One to watch: Lee Seung-woo
For much of his early career, Lee was known as the “Korean Messi”. Such comparisons were inevitable: he had prodigious skills, an ability to find the back of the net, and he played for Barcelona. Oh, and he was in his mid-teens. Lee has been known as a future star ever since he signed for the Spanish giants at just 12, but his selection for the World Cup was a shock despite his domination of youth football. Now he’s here, he could be very influential.
The Taeguk Warriors may struggle, especially with injuries to some key players, but they do have plenty of talent. Son is a very good forward, and Hwang, Lee Seung-woo and Lee Jae-sung could provide a handy boost. They could be interesting to watch.
Likely Team (4-4-2): Kim Seung-gyu; Lee Yong, Jang Hyun-soo, Yun Young-sun, Park Joo-ho; Lee Seung-woo, Ki Sung-yueng, Jung Woo-young, Lee Jae-sung; Hwang Hee-chan, Son Heung-min.
Aside from the Germans, who are almost guaranteed to progress, this will be a very competitive group. Mexico and Sweden would naturally be expected to battle it out for second place, but their issues (Mexico with fitness, Sweden with form) could open the door for a South Korean team that could be a surprise package in Russia.
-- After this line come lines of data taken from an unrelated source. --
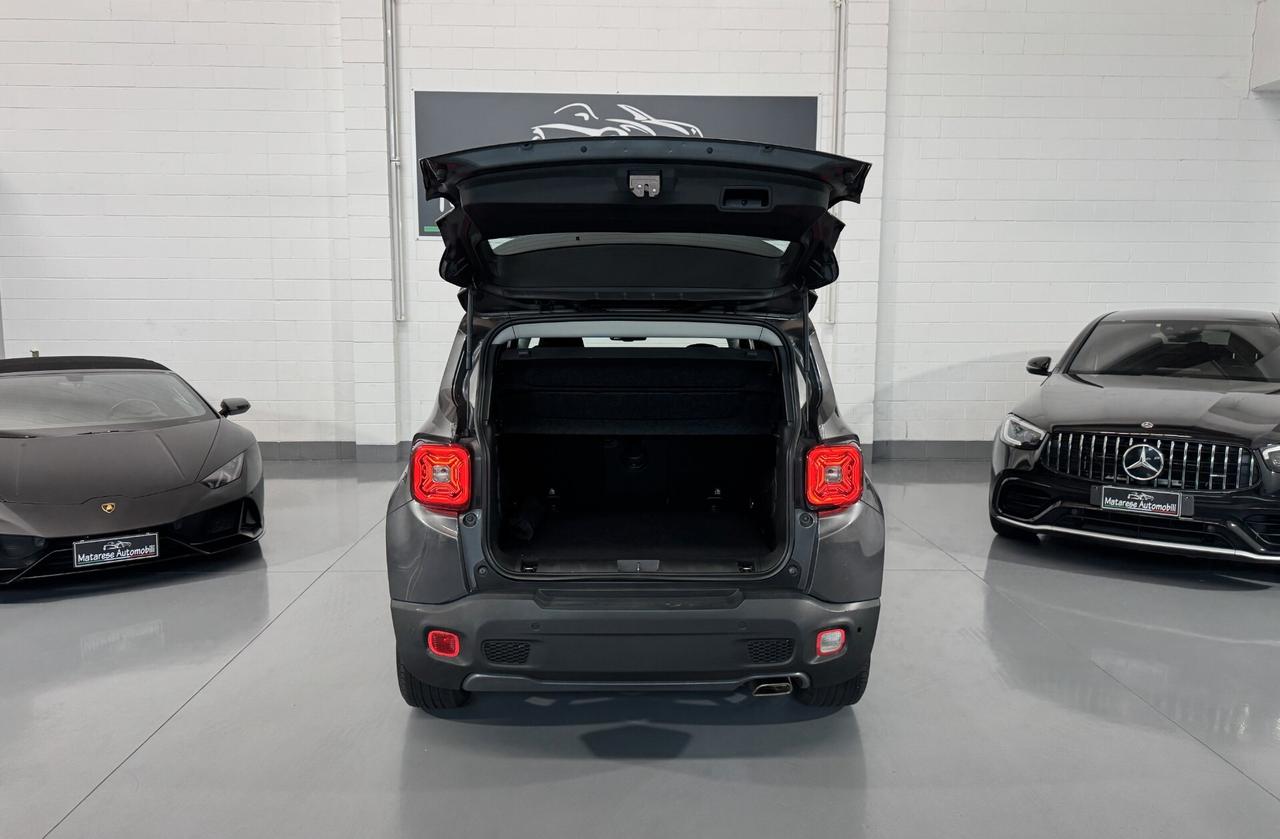 Jeep Renegade Limited 1.0cc 120cv CarPlay OK Neopatentati Finanziabile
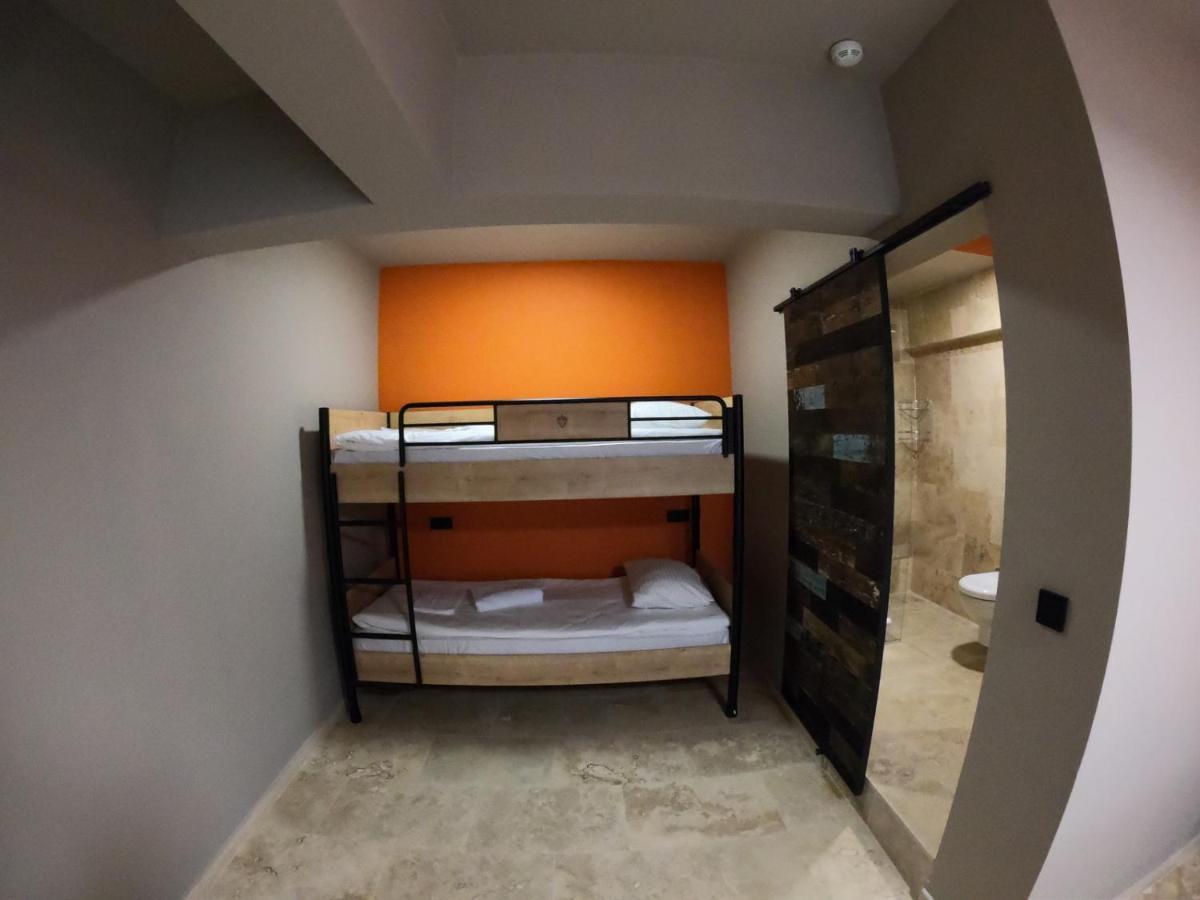 Adventure Inn Cappadocia Göreme Dış mekan fotoğraf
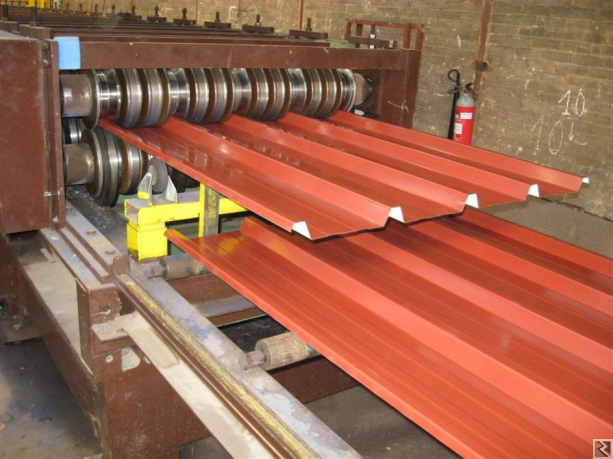 Image principale de tôles bacs et accessoires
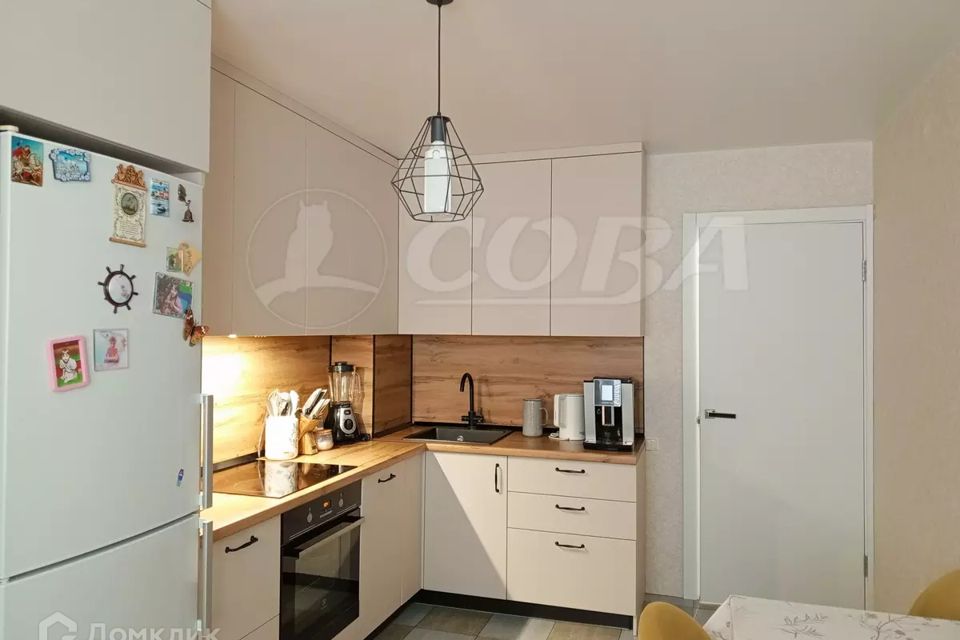 Продаётся 2-комнатная квартира, 58 м²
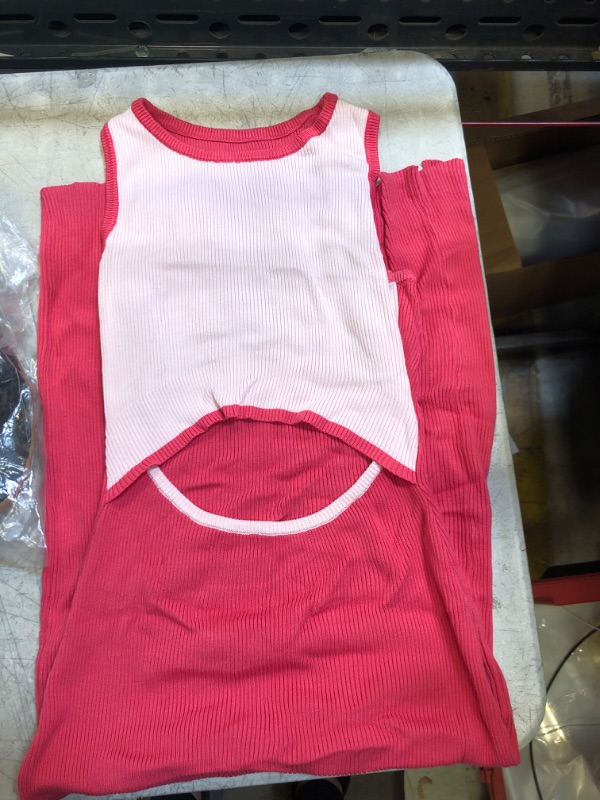 Photo 1 of PINK DRESS SIZE S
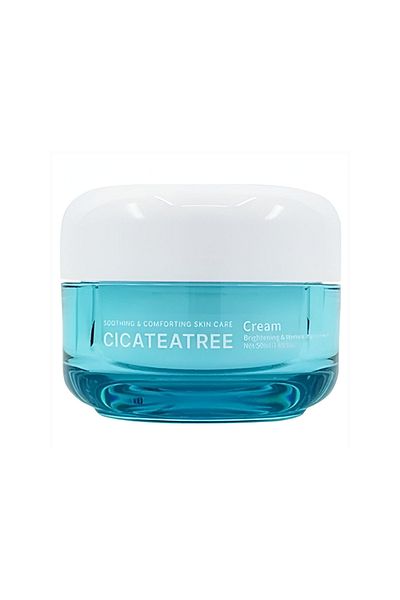 Jigott With Cica and Tea Tree - Moisturizing Cream Jigott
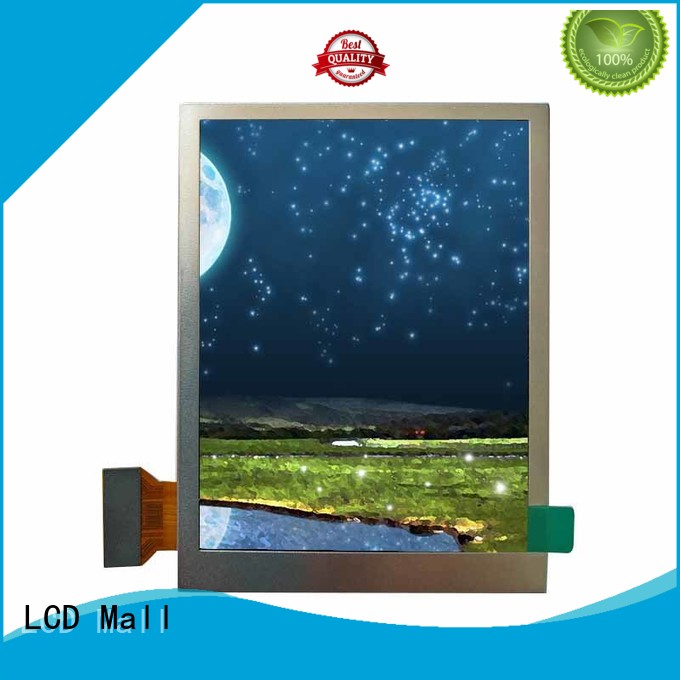 LCD Mall workable tft display module hot-sale for expo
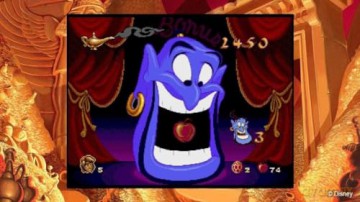 Disney Classic Games: Aladdin and the Lion King [GRA SWITCH]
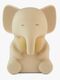 nuuroo Sigge Natlampe Elefant, Cream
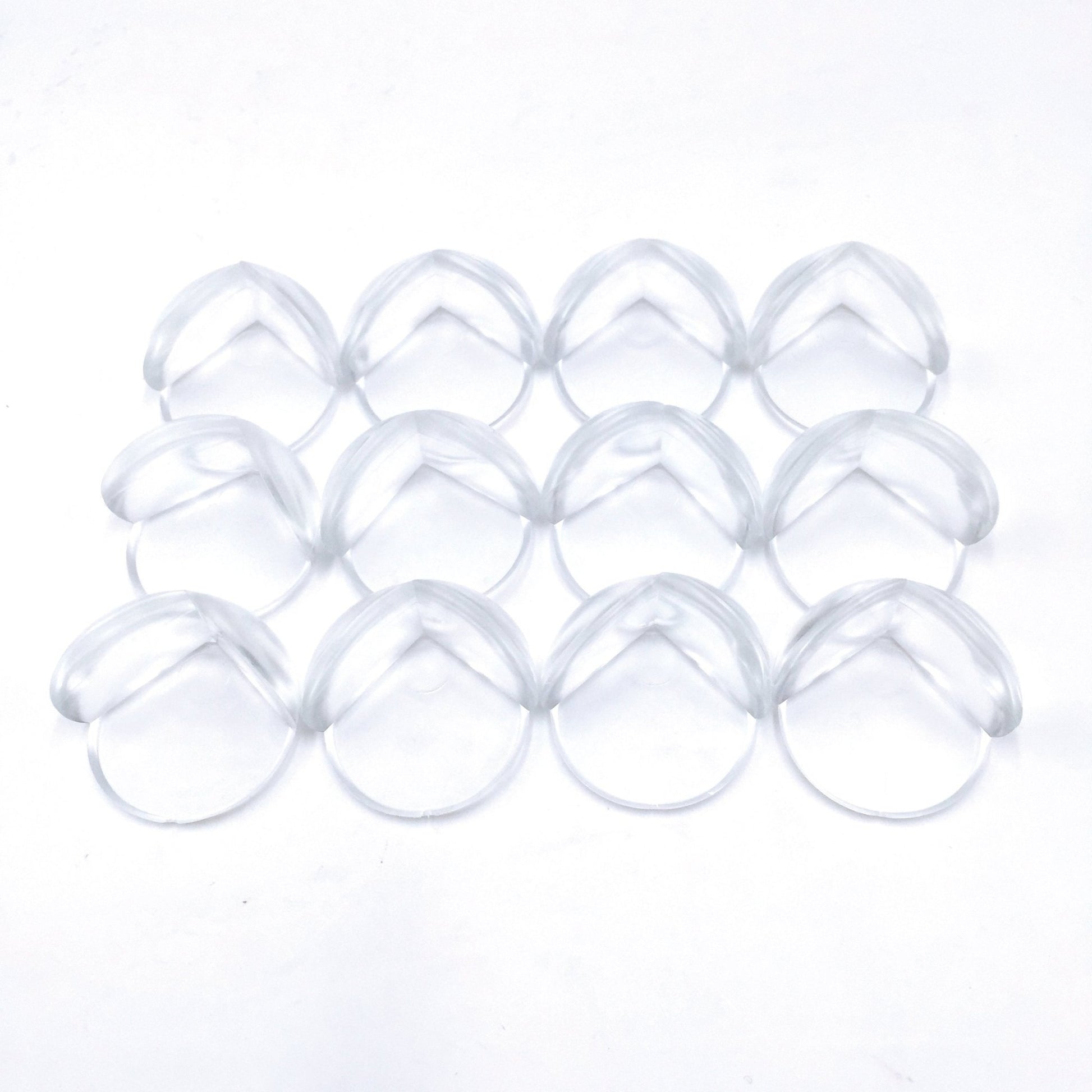 Silicone Corner Guards Protectors for Furniture Against Sharp Corners for Baby Safety Edge & Corner Guards- #Royalkart#silicone bumper pads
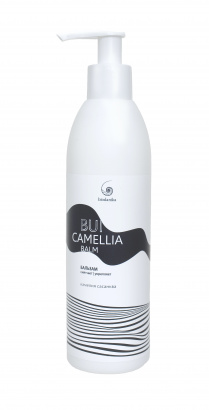 Бальзам для волос BIODANIKA Bui Camellia Balm, камелия сасанква, 300 мл
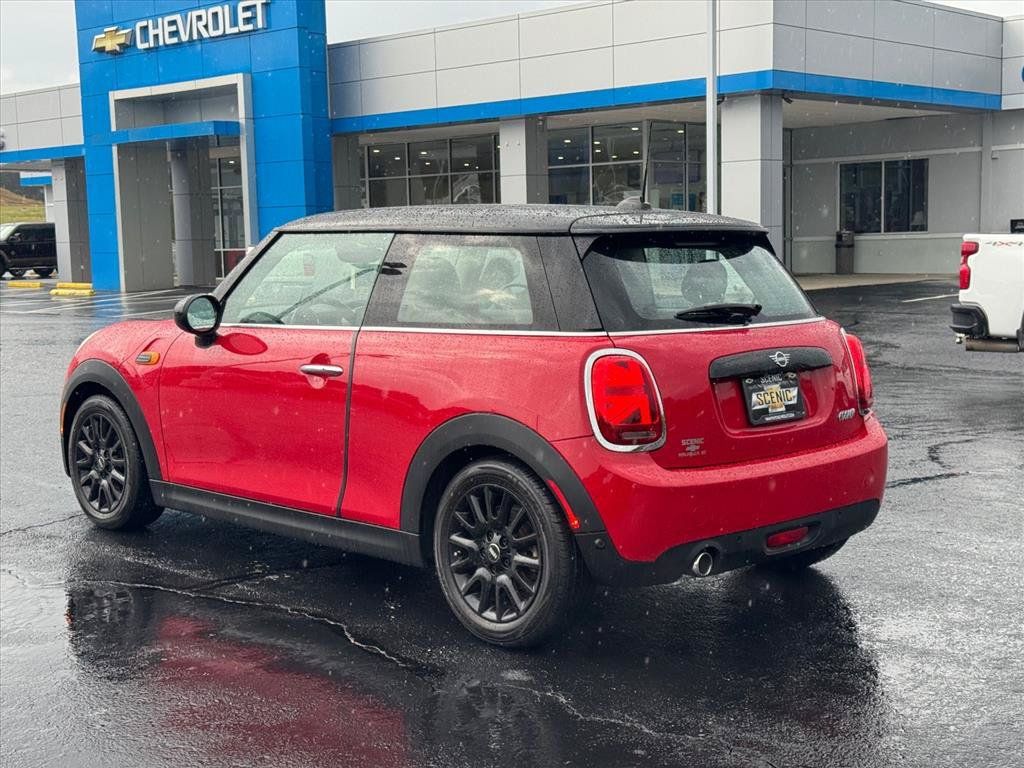 Used 2019 MINI Cooper 2-Door Hardtop FWD image 5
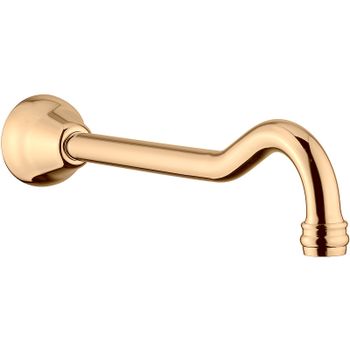 Излив для смесителя Webert Armony AC0537010 Золото — фото 1, Изливы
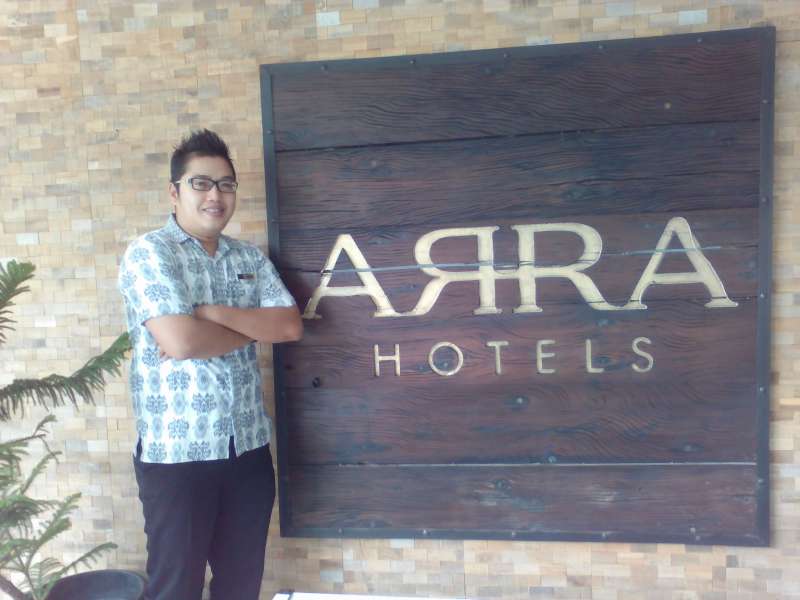 Besok, Hotel Arra Gelar Festival Makanan Berbahan Dasar Waluh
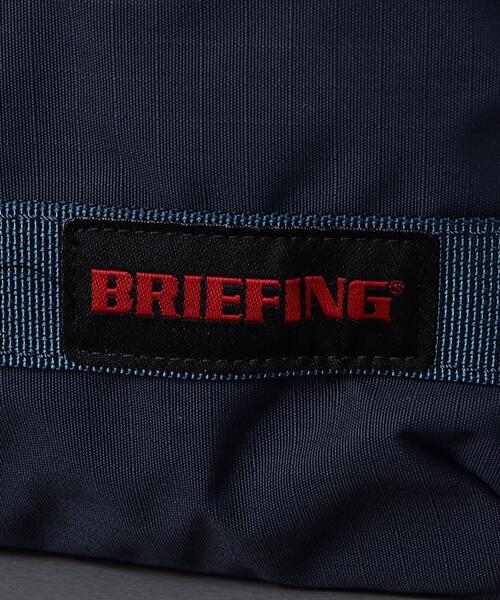 WEB限定】＜BRIEFING＞ PC CASE TALL 11 MW/バッグ 【公式通販】
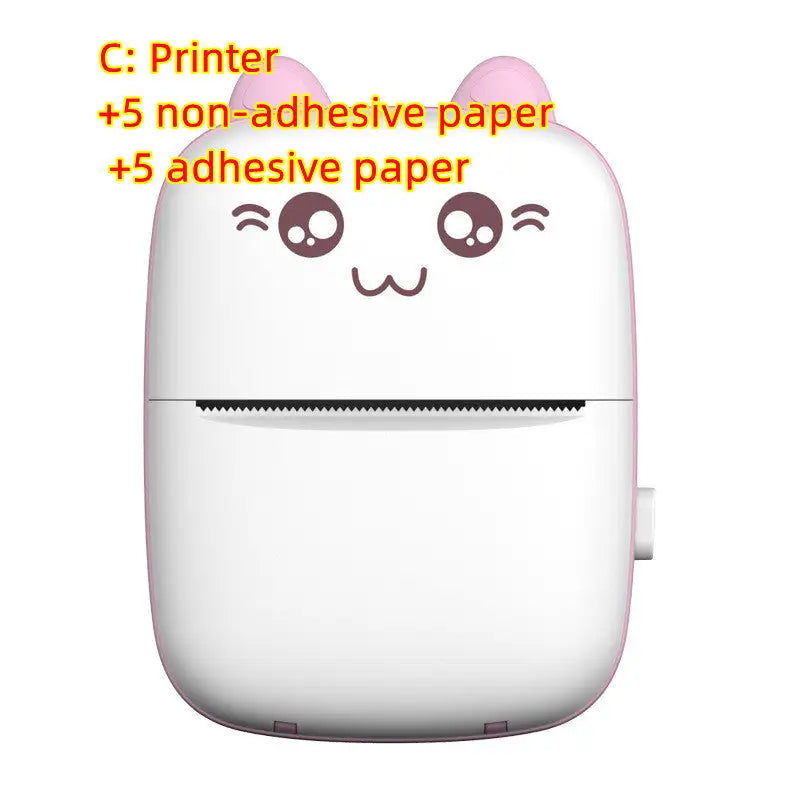 Mini Portable Printer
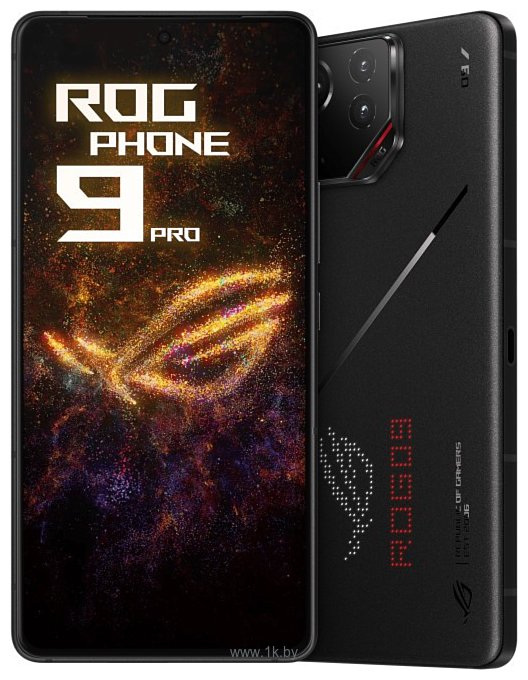 Фотографии ASUS ROG Phone 9 Pro 16/512GB Tencent Games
The South Koreans’ inability to settle on a formation is likely to hold them back, but a win over Sweden in their first game is definitely a possibility and would set them well on the path to progression. In a tight race, the Mexicans’ quality and experience may just set them apart, but they are not going to have it easy against any of their group stage opponents.